Three contributors to Solace in So Many Words have new books! Congrats!
Daniel Chacon’s newest publication is Hotel Juarez, which was published in March by Arte Publico Pr. Here’s what Publishers Weekly said in its starred review: “Chacon, winner of the 2007 Hudson Prize for Unending Rooms, returns with a collection of short fiction concerned with American and Mexican relations in which a world of race and identity politics emerges. Linked but never repetitive, these beautiful stories are fresh, with just enough Borges-ian magic to make them feel extraordinary. The specter of Juarez’s problems is at the forefront, and Chacon references everything from fascist dictators to Harold and the Purple Crayon.”

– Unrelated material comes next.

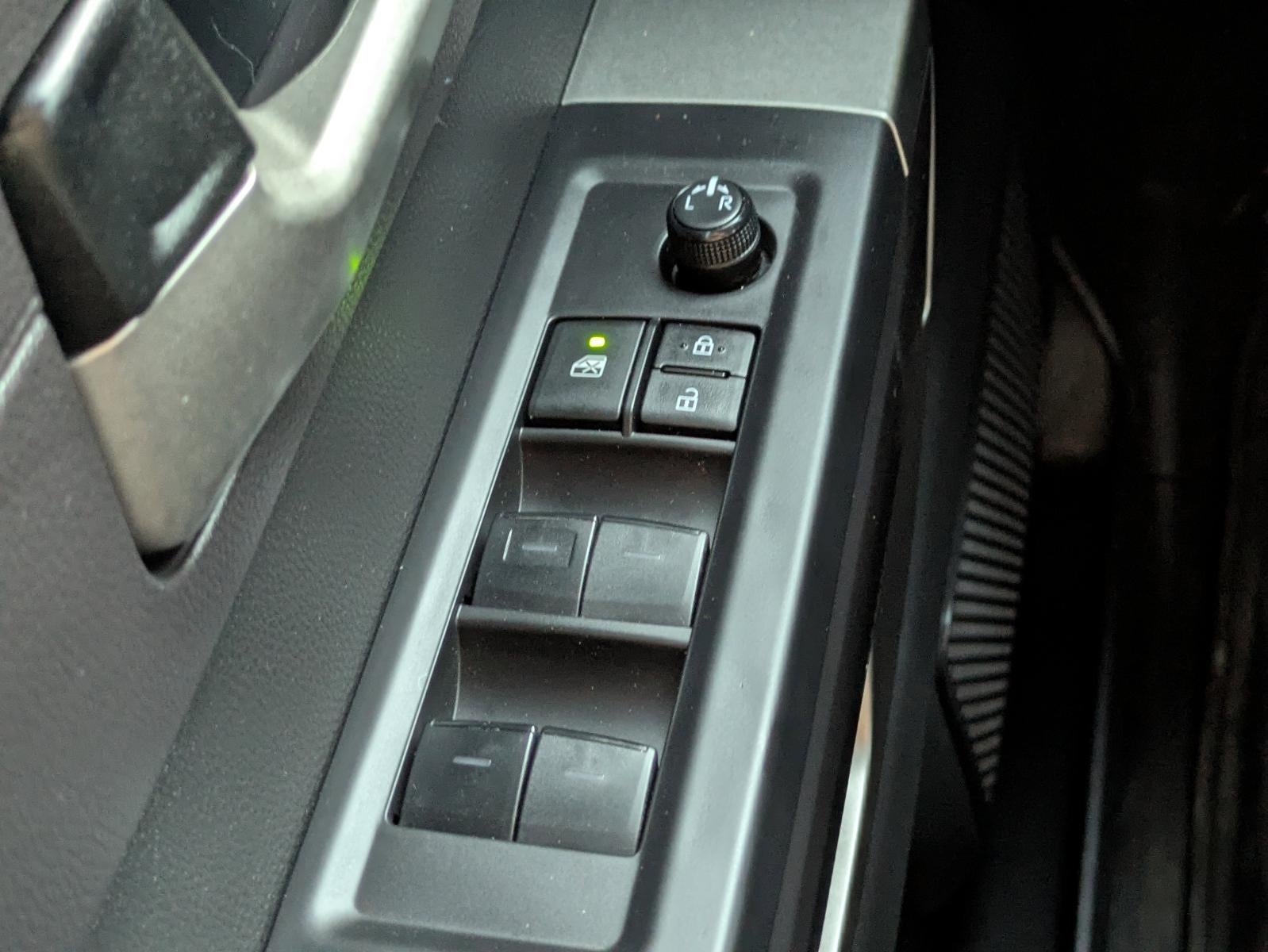 2024 Toyota Tundra 4WD 4WD SR5 CrewMax 5.5' Bed (SE)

Dan Sklar has a new book out from Ibbetson Press, titled Flying Cats (actually swooping). Here is how Lisa Beatman, author of Manufacturing America describes Dan’s poetry: “Sklar’s poetry could be characterized as American Primitive, clean and bracing as creek water. Like Whitman, Sklar celebrates the mystery and profundity of the everyday. This is “guy” poetry, muscularly chronicling the days and to-do list of the contemporary American male, helplessly and joyfully committed to the challenges of raising a houseful of boys, teaching sleepy-eyed college students, and handling the ignominies of manuscript rejection letters. Sklar’s poems tumble and sing with enormously universal appeal.“
Arthur Powers new book is called A Hero for the People, Stories of Brazilian Backlands, is published by Press 53, and is available for pre-order (shipped in May). Arthur Powers went to Brazil in 1969 as a Peace Corps volunteer and spent most of his adult life in that country. In the late 1970s, while practicing international law, he accompanied his wife in her work as a community organizer in the Rio de Janeiro slums. From 1985 to 1992, they worked in the eastern Amazon region of Brazil, organizing subsistence farmers and rural workers’ unions in a region of violent land conflicts. Later they directed relief and development programs in the drought-ridden Brazilian Northeast.